Copy nothing but the lines below running from the line containing "Parka fourrée broderie COEUR - Image 2" through the line containing "view of front of house with a garage", both end lines included.

• **Data section**
***

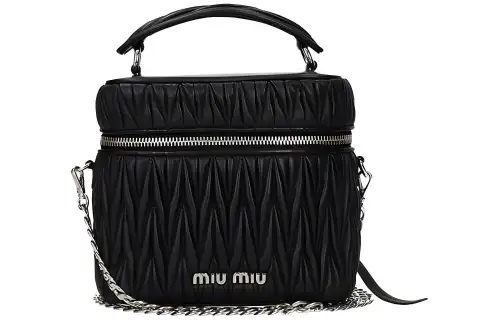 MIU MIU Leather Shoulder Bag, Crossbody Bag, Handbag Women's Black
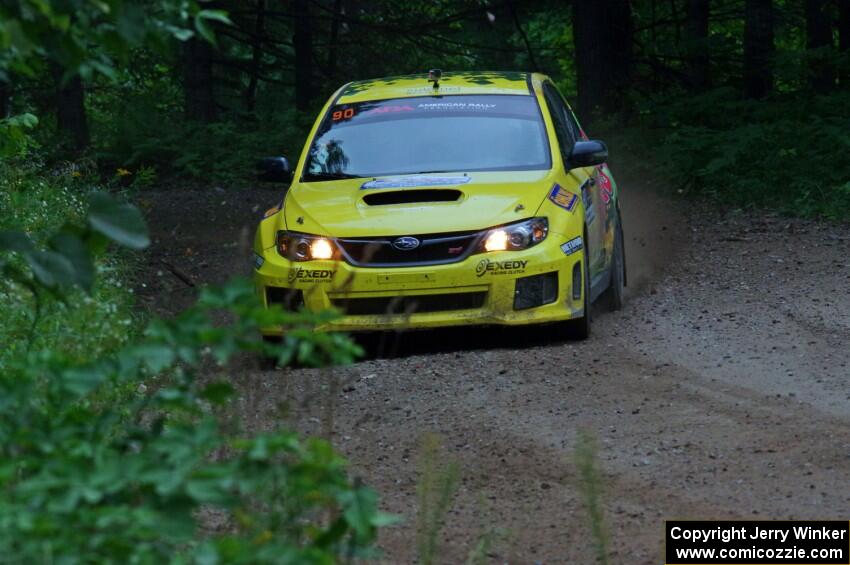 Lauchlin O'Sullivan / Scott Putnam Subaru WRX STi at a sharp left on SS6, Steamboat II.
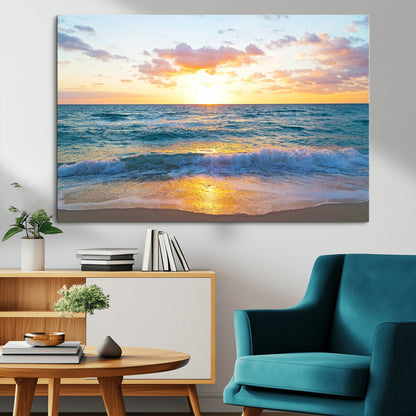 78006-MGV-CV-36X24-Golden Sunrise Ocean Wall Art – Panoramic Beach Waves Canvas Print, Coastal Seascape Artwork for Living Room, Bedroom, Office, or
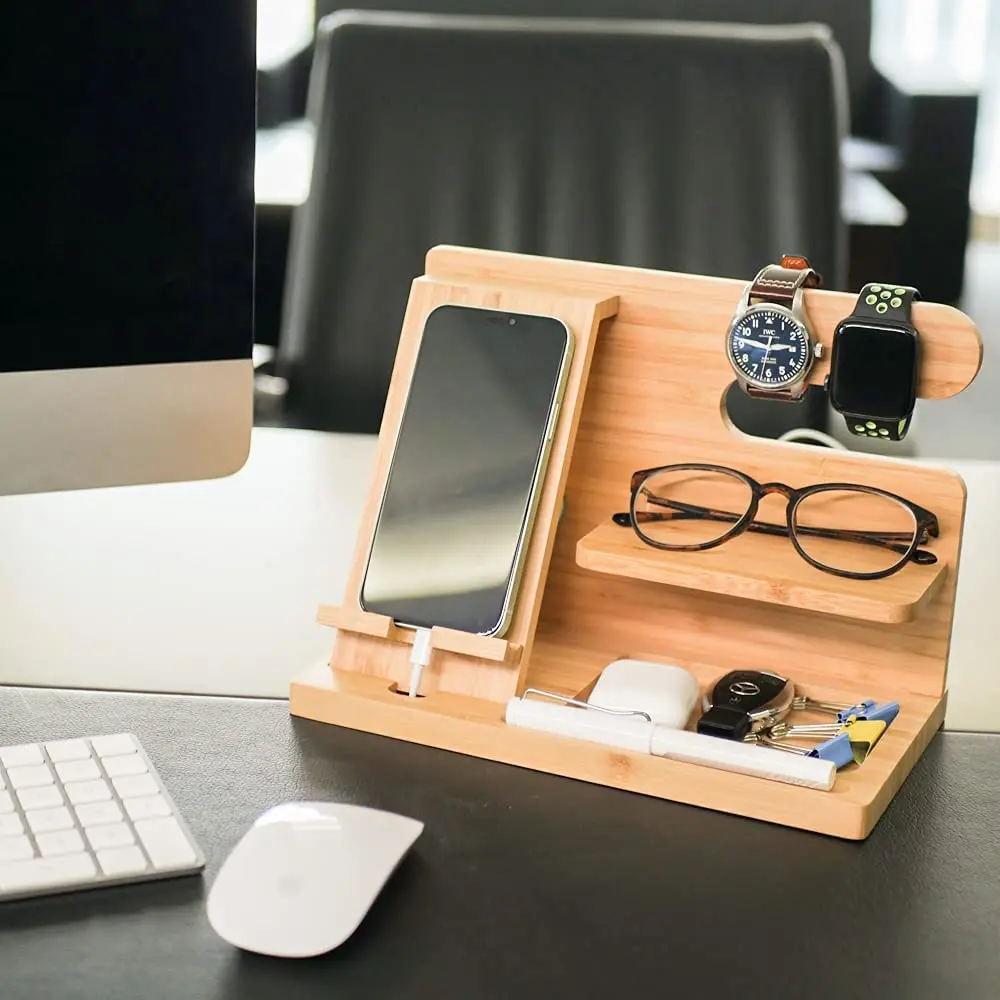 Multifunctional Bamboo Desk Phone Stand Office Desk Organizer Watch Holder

***

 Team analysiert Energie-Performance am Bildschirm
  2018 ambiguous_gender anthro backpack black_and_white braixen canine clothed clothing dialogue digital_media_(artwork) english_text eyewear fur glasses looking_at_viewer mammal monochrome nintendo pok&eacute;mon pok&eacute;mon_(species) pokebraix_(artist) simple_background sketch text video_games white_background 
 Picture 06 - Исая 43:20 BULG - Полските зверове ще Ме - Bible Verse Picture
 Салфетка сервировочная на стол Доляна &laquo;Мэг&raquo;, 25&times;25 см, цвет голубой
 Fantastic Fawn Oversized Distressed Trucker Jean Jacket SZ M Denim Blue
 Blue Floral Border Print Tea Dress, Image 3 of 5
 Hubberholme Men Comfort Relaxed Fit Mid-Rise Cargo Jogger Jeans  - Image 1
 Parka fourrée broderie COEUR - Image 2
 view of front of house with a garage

***

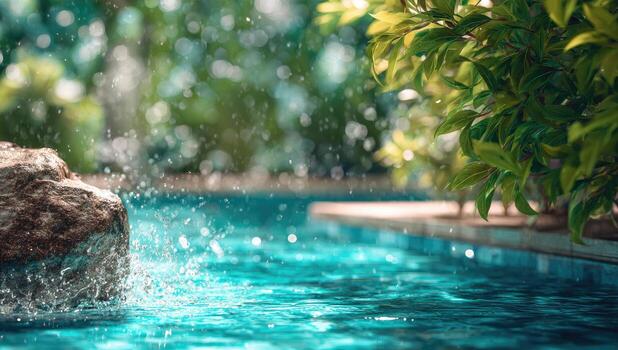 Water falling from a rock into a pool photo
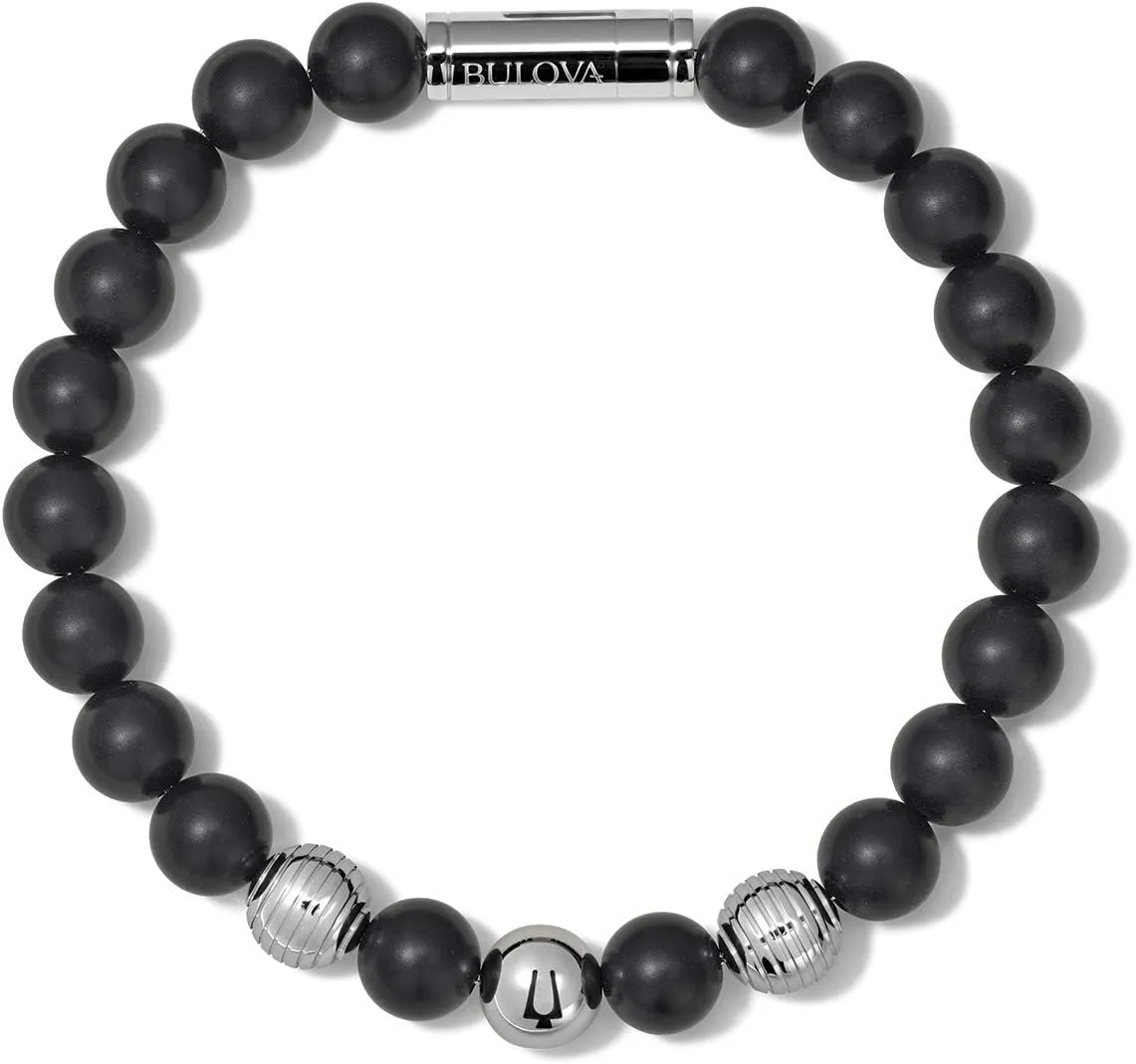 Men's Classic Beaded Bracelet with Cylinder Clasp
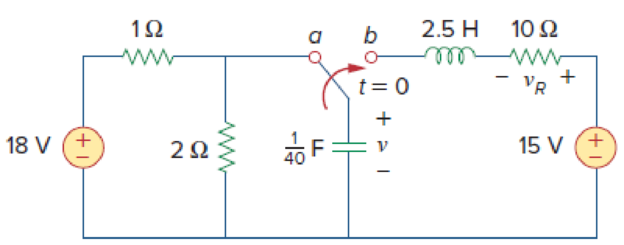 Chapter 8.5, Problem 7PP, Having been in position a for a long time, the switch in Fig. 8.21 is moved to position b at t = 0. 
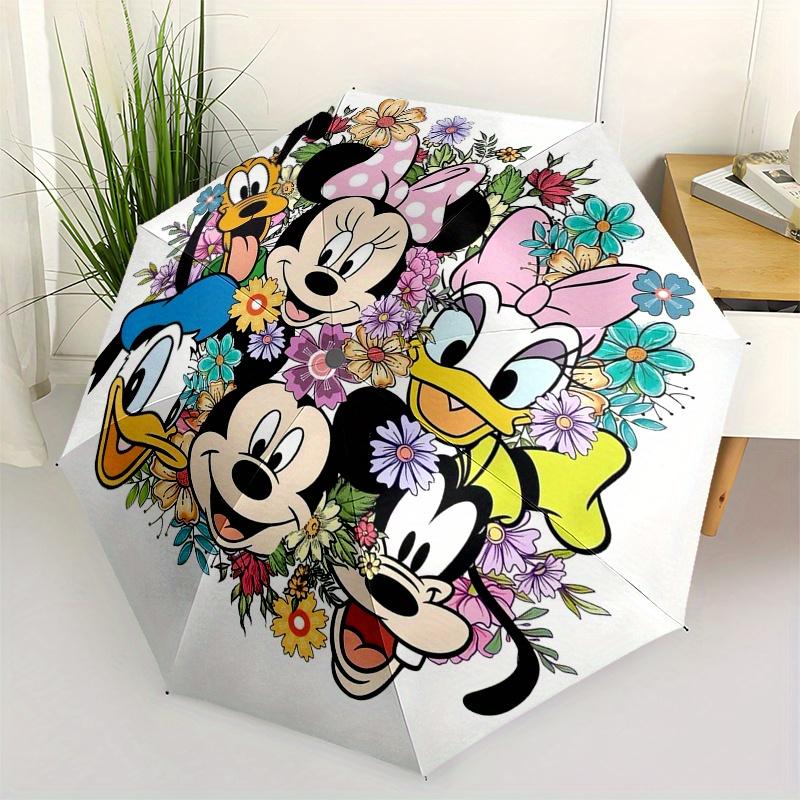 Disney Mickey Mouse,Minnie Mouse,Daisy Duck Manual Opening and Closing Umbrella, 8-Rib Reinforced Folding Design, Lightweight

***

• **Response to the task**
 Parka fourrée broderie COEUR - Image 2
 view of front of house with a garage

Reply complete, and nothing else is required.